Find min/max distance between (0,4) and y=x^2/4

[Poppynz]

I am trying to find the minimum and maximum distance between point (0,4) and the line y=(x^2)/4 in the region of 0<=x<=2√3.

This is what i have so far

y(distance)=√((x-0)^2+((x^2)/4)^2)
=(x^2+(X^4)/16+16)^0.5
then calculate y'
then make y'=0
then determine if max or min using 2nd derivative test

The problem i am having is that the answers i get for x when y' = 0 are imaginary. i have computed this problem using MATLAB and get the same answers except that they are real and have isolated the problem to my simplification of y.

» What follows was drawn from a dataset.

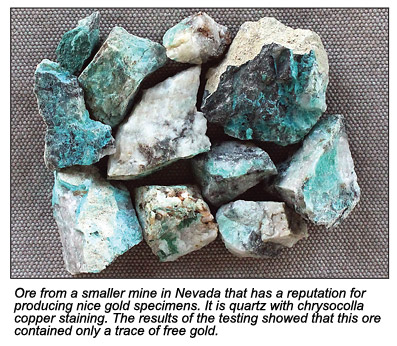 Ore from a smaller mine.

matlab gives it as y=0.25(-16x^2+x^4+256)^0.5

Could some one please explain how to simplify y=(x^2+(X^4)/16+16)^0.5 to y=0.25(-16x^2+x^4+256)^0.5 or suggest a better way to approach this problem

Thanks in advance

 

[ideasrule]

y(distance)=√((x-0)^2+((x^2)/4)^2)
=(x^2+(X^4)/16+16)^0.5

I think you meant [(x^2)/4-4]^2, not [(x^2)/4]^2. Also, you might find it easier to calculate the derivative of y^2 instead of y. Squaring the distance eliminates the square root, which is a major pain in the neck.